CONTRADIÇÃO MATINAL OU QUEM LANÇA A GRANADA
Certo dia, despertei de madrugada, feliz da vida por mais um dia que os deuses me concedem e ligo o rádio. A CBN informa, com toda uma aparente objetividade, que mais de 150 “mendigos” são assassinados por ano no Brasil. São queimados, executados com tiros na cabeça, espancados. Mas além da chocante violência “gratuita” de homens contra homens, também me choca a palavra “mendigos”. Aqui talvez a violência simbólica preceda a violência propriamente dita, servindo para justificá-la e reproduzi-la. Por que não chamar estas pessoas de “moradores de rua”, uma expressão descritiva e não estigmatizante como “mendigos”?
É como se a mídia os assassinasse novamente, a cada dia, sem parar.

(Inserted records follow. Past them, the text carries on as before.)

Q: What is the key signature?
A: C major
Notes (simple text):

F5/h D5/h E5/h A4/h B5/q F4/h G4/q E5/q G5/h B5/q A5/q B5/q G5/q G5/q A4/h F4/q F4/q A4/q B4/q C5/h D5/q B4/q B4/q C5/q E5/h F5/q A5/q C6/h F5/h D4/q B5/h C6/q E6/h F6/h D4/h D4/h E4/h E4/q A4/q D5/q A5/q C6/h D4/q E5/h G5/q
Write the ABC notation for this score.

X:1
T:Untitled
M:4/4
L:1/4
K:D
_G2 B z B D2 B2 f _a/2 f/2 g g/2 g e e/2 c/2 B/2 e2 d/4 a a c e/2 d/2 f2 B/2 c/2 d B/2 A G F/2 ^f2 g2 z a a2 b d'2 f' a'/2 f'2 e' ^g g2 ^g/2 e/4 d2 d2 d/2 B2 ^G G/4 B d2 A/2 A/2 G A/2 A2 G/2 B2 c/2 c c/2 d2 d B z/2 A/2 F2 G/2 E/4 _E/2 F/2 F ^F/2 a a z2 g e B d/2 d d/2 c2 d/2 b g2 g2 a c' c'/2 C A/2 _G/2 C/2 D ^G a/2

Poderia dar muitos outros exemplos. Quando convivi com seres humanos que moram em favelas não percebi neles nenhuma substância diferente que autorizasse serem chamados de “favelados”, por isso prefiro chamá-los de moradores de favelas. Do contrário, teria que chamar os moradores do “asfalto” de asfaltados. E continua ininterruptamente o bombardeio simbólico: casa na favela, mesmo sendo de alvenaria, dois andares, terraço, televisão, computador e o escambau, é sempre barraco.

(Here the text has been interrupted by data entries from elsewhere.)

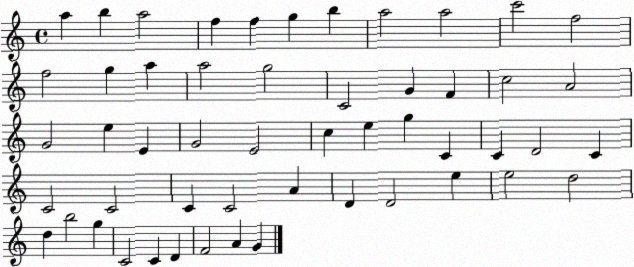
X:1
T:Untitled
M:4/4
L:1/4
K:C
a b a2 f f g b a2 a2 c'2 f2 f2 g a a2 g2 C2 G F c2 A2 G2 e E G2 E2 c e g C C D2 C C2 C2 C C2 A D D2 e e2 d2 d b2 g C2 C D F2 A G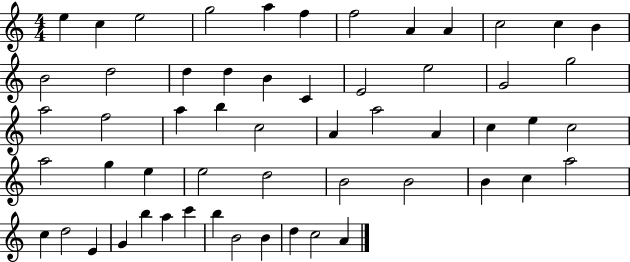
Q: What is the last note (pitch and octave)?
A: A4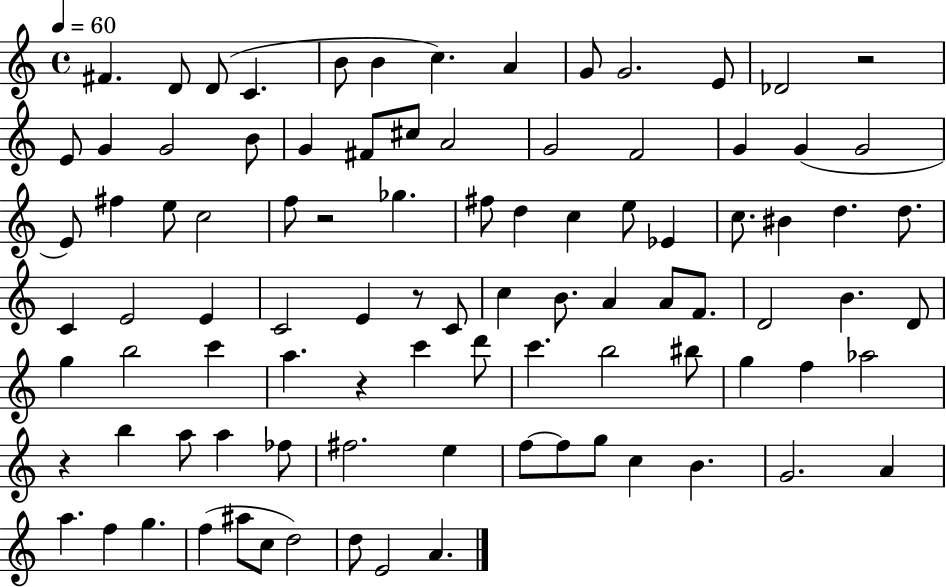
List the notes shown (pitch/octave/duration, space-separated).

F#4/q. D4/e D4/e C4/q. B4/e B4/q C5/q. A4/q G4/e G4/h. E4/e Db4/h R/h E4/e G4/q G4/h B4/e G4/q F#4/e C#5/e A4/h G4/h F4/h G4/q G4/q G4/h E4/e F#5/q E5/e C5/h F5/e R/h Gb5/q. F#5/e D5/q C5/q E5/e Eb4/q C5/e. BIS4/q D5/q. D5/e. C4/q E4/h E4/q C4/h E4/q R/e C4/e C5/q B4/e. A4/q A4/e F4/e. D4/h B4/q. D4/e G5/q B5/h C6/q A5/q. R/q C6/q D6/e C6/q. B5/h BIS5/e G5/q F5/q Ab5/h R/q B5/q A5/e A5/q FES5/e F#5/h. E5/q F5/e F5/e G5/e C5/q B4/q. G4/h. A4/q A5/q. F5/q G5/q. F5/q A#5/e C5/e D5/h D5/e E4/h A4/q.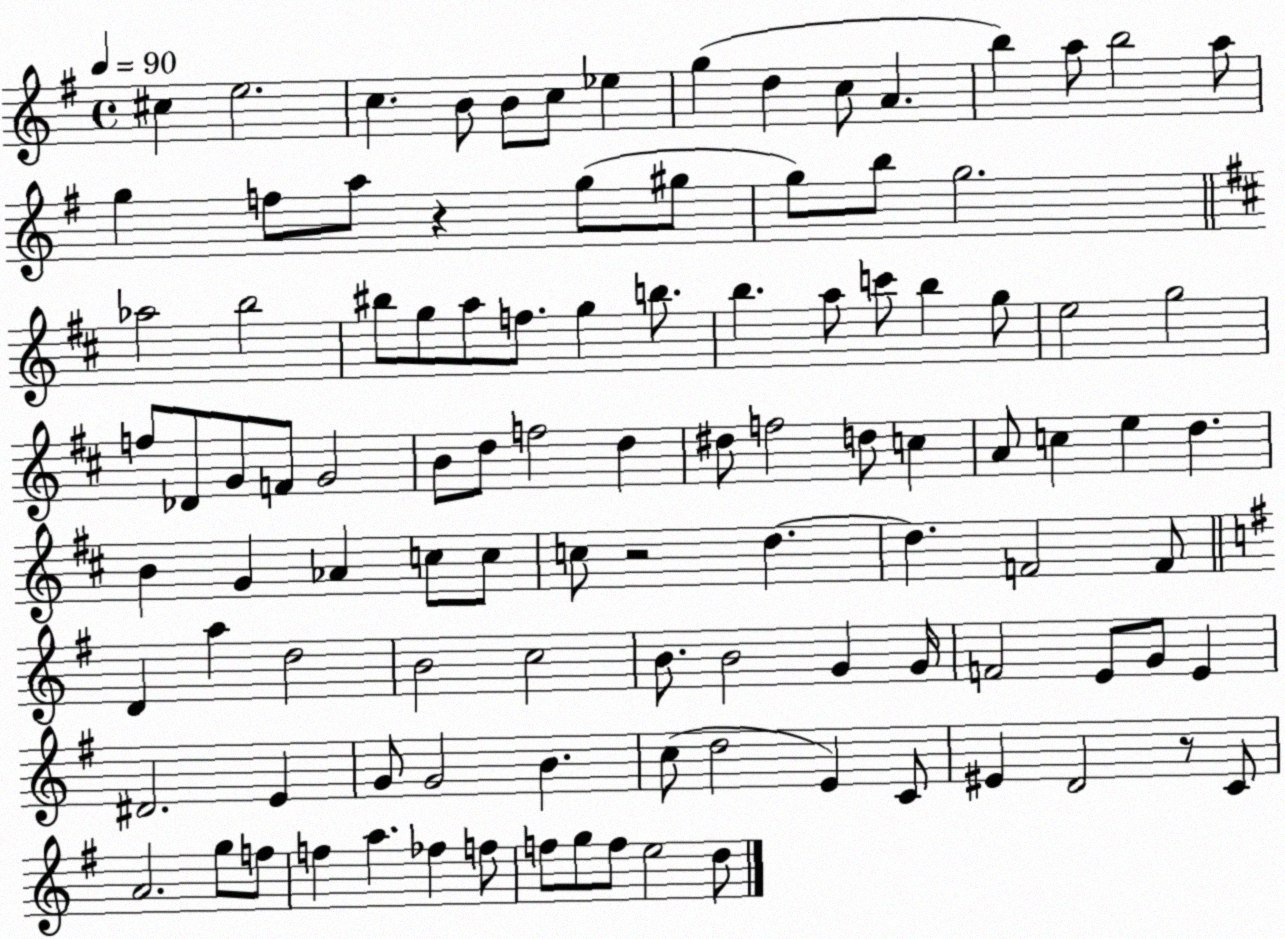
X:1
T:Untitled
M:4/4
L:1/4
K:G
^c e2 c B/2 B/2 c/2 _e g d c/2 A b a/2 b2 a/2 g f/2 a/2 z g/2 ^g/2 g/2 b/2 g2 _a2 b2 ^b/2 g/2 a/2 f/2 g b/2 b a/2 c'/2 b g/2 e2 g2 f/2 _D/2 G/2 F/2 G2 B/2 d/2 f2 d ^d/2 f2 d/2 c A/2 c e d B G _A c/2 c/2 c/2 z2 d d F2 F/2 D a d2 B2 c2 B/2 B2 G G/4 F2 E/2 G/2 E ^D2 E G/2 G2 B c/2 d2 E C/2 ^E D2 z/2 C/2 A2 g/2 f/2 f a _f f/2 f/2 g/2 f/2 e2 d/2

A Guerra de Canudos, em que uma tropa bem armada e preparada para matar visava o extermínio do inimigo que corporificava o fanatismo e o atraso, se repete todos os dias.
E as ordens começam pela construção de um inimigo monstruoso, diferente, atrasado.
O primeiro tiro quem dá é o microfone.
A primeira granada quem lança é o jornal.